AIM OF THE EXERCISE —
Only the lines from the one with "Tostas de atún" to the end of the data below should be given again, exactly, with both ends included and pictures omitted.

[Saved entries]
=== Section Start ===
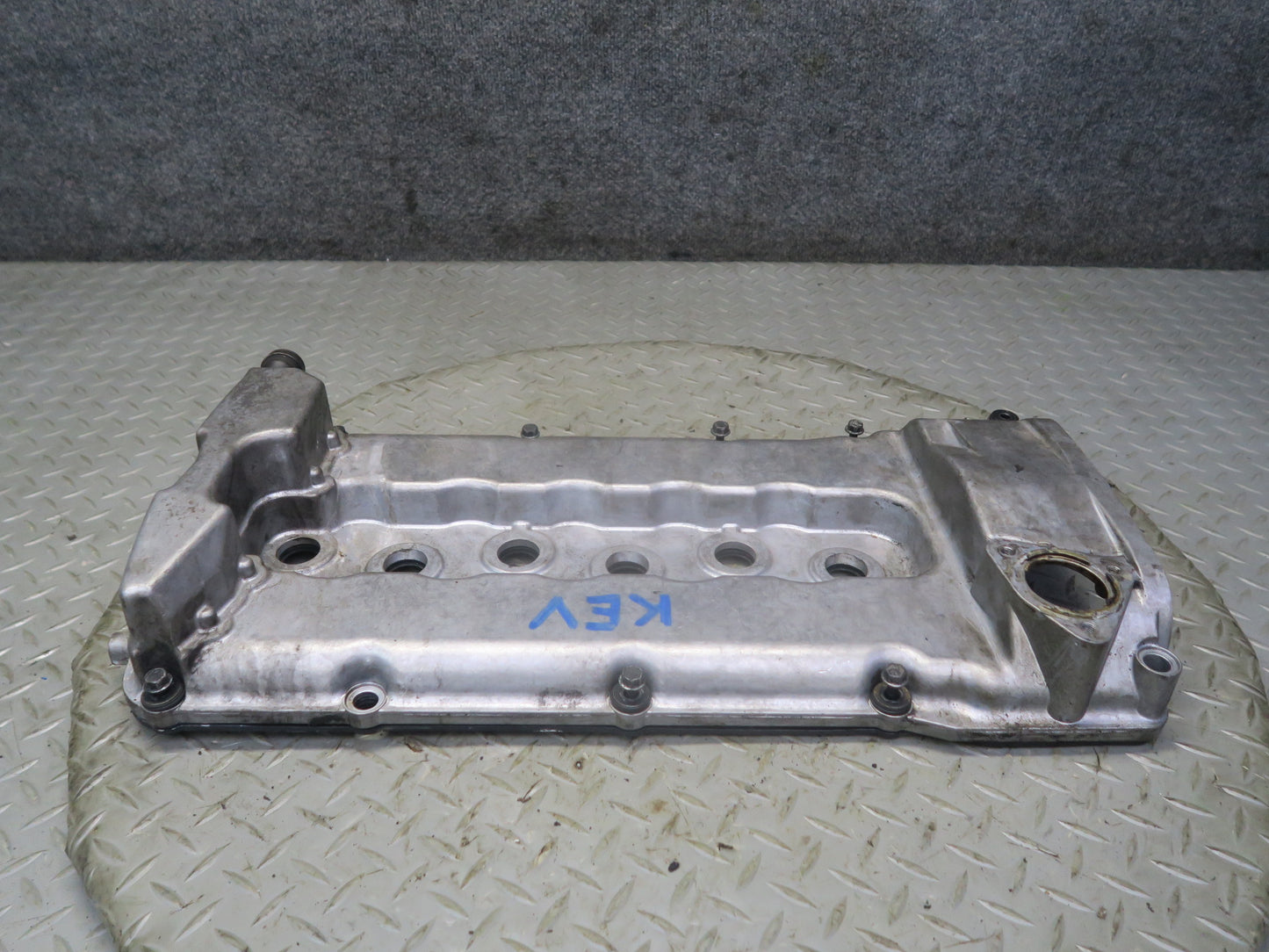 01-03 VW Eurovan T4 2.8L AXK Engine Cylinder Head Valve Cover w Oil Neck OEM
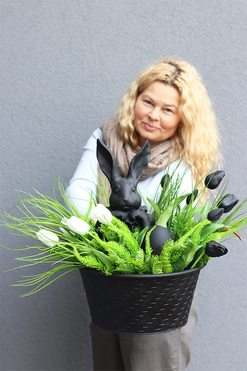 OD RĘKI Black Easter, stroik wielkanocny w metalowym koszu, wym.48x60cm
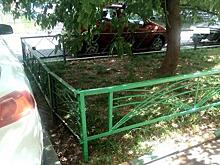 На улице Маршала Василевского в Щукине отремонтировали газонные ограждения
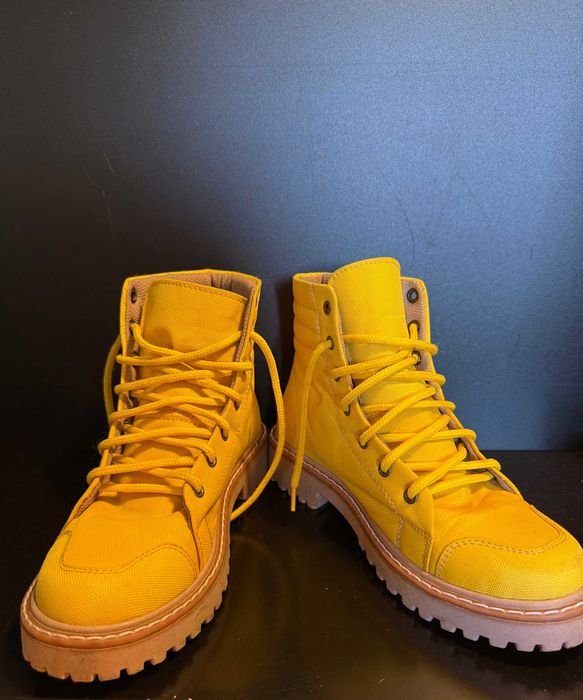 Żółte buty, trzewiki sznurowane, trapery z Kolumbii, rozm. 38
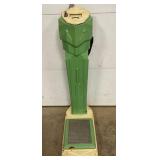 PORC. CREAM/GREEN COIN OP FLOOR SCALES 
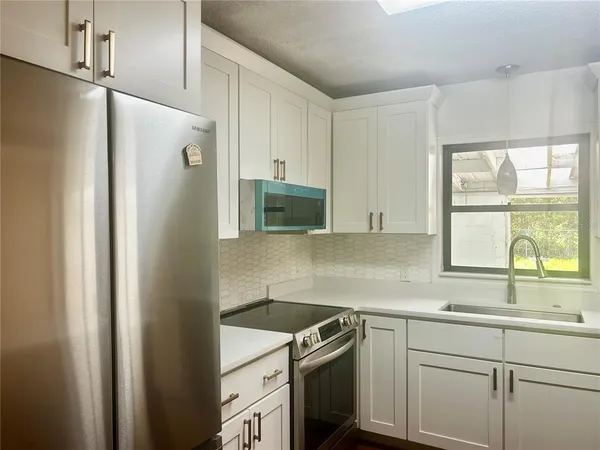 $1,850 | 410 Northeast 15th Court, Ocala, FL 34470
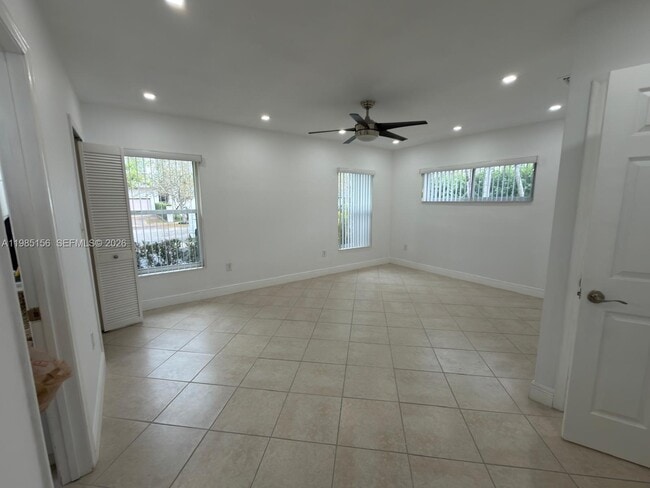 Building Photo - 11840 SW 81st Rd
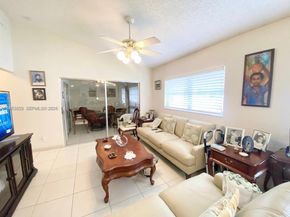 8089 Sweetbriar Way, Boca Raton FL 33496
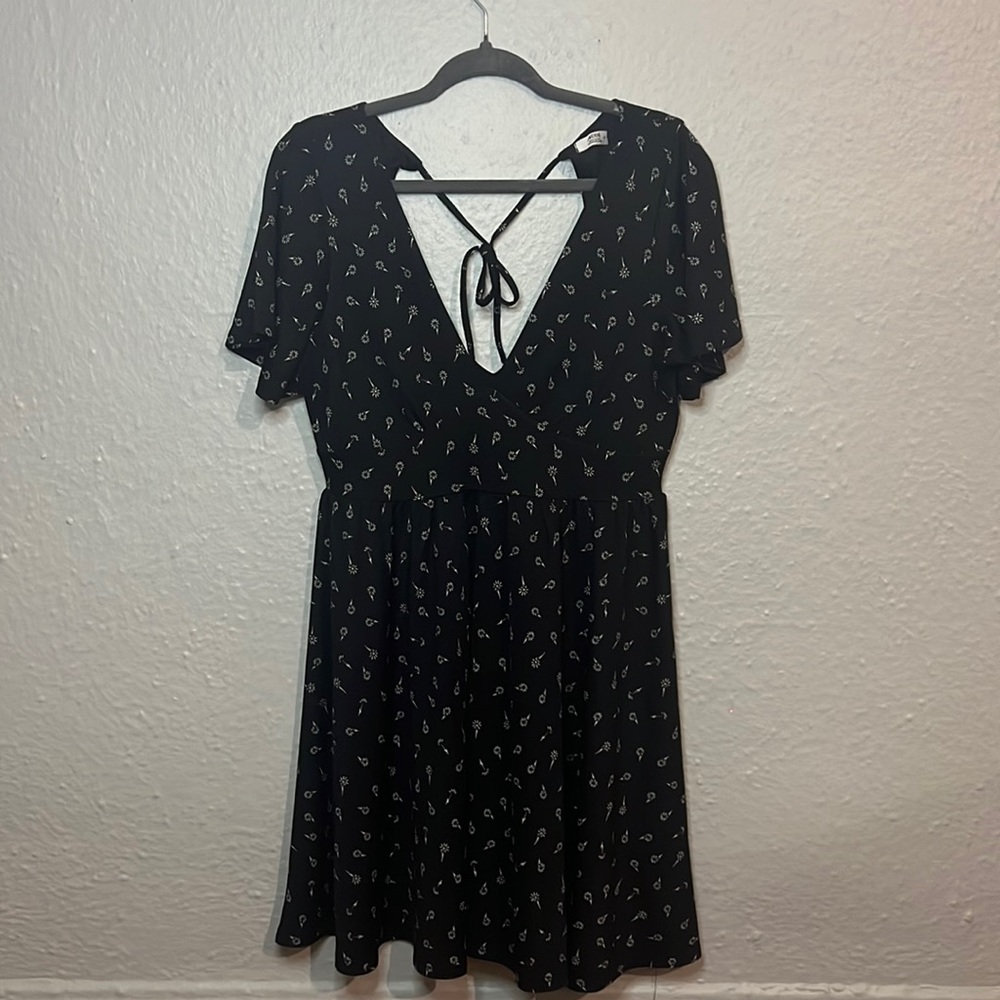 Black w/ white flowers. Size Large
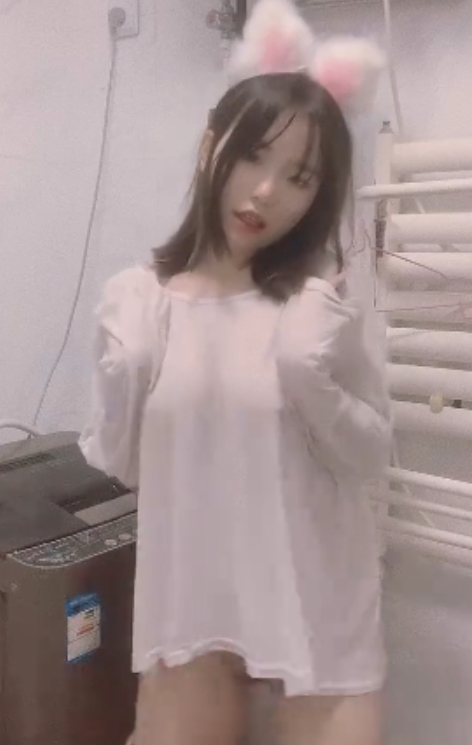 转载快手稀缺周周乖崽最新合集22V125MB，童颜大罩杯舞蹈视频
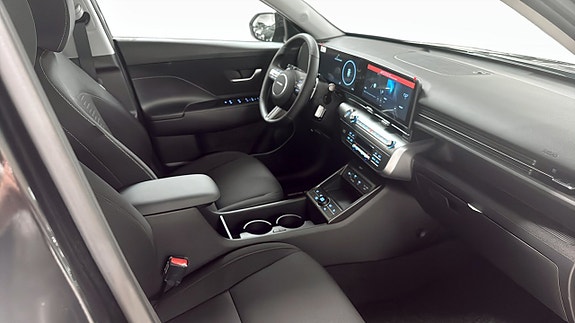 Hyundai Kona 3 of 12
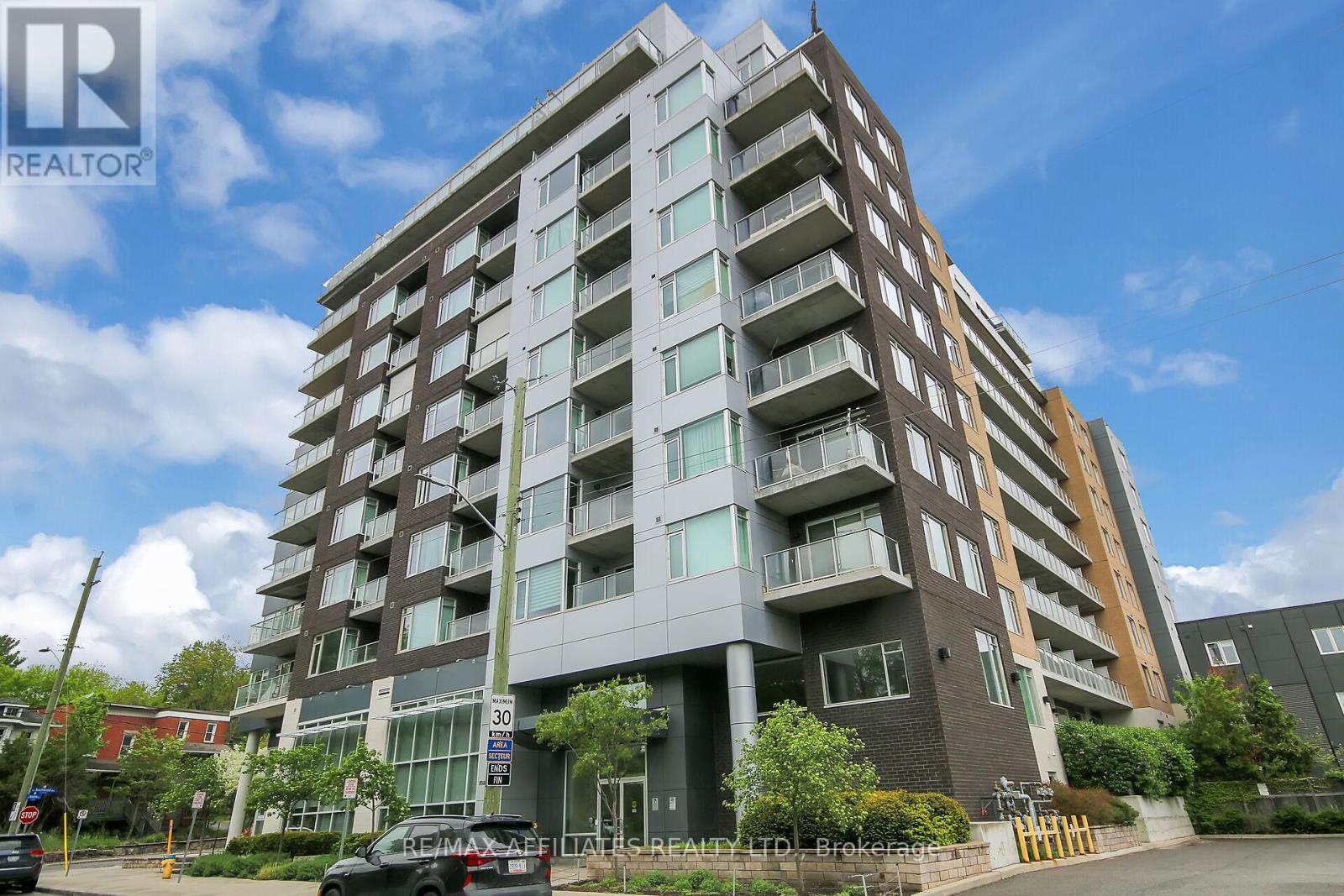 b - 7 Marquette Avenue, Unit 310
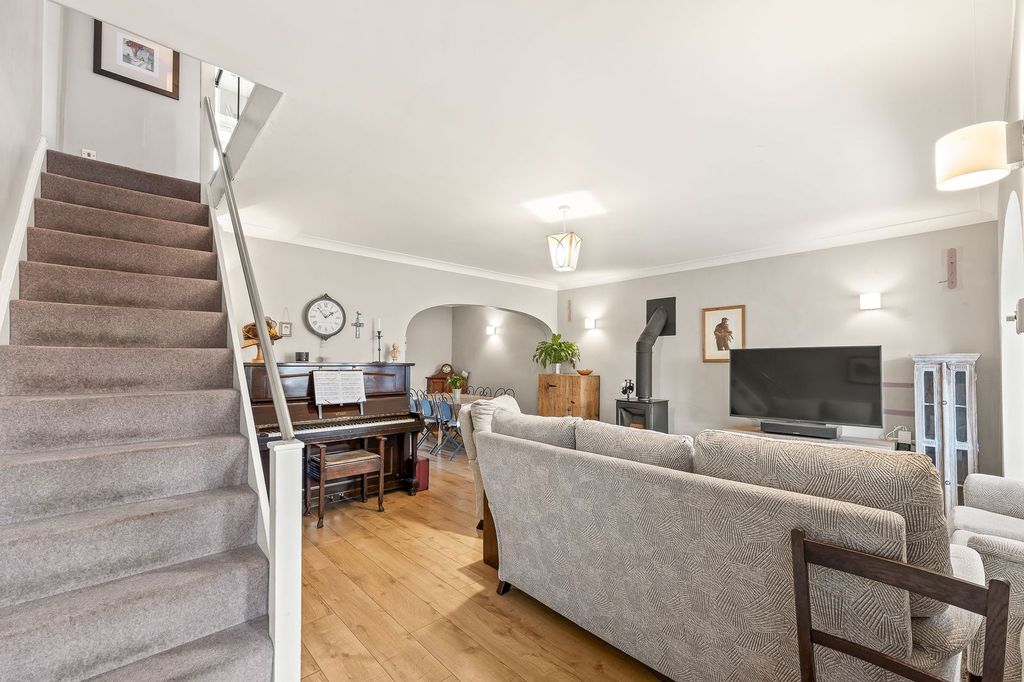 Property photo 2 of 33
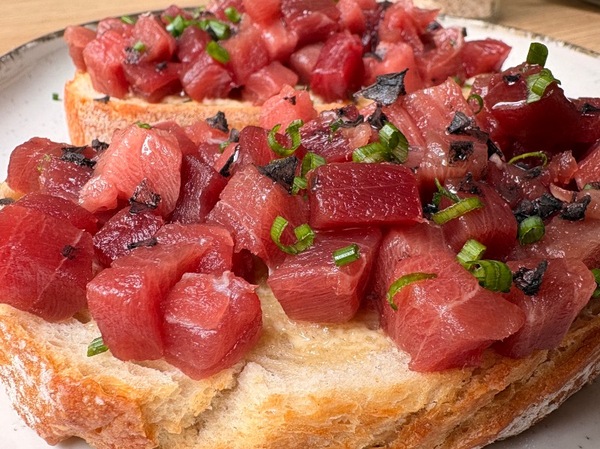 Tostas de atún rojo Gadira con mayonesa trufa 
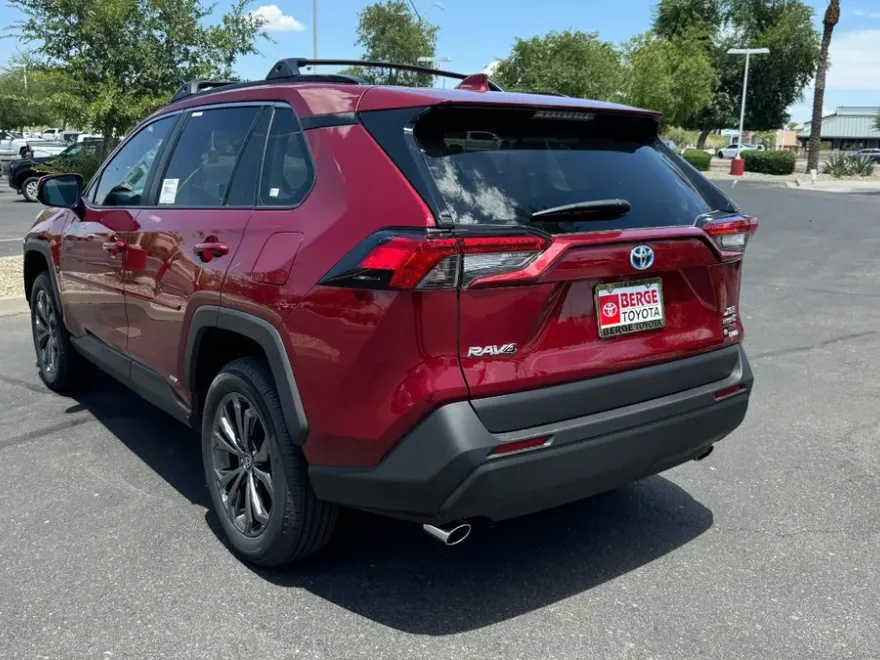 2025 Toyota RAV4 XLE Premium photo 1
=== Section End ===
RESULT FOR THIS EXERCISE —
 Tostas de atún rojo Gadira con mayonesa trufa 
 2025 Toyota RAV4 XLE Premium photo 1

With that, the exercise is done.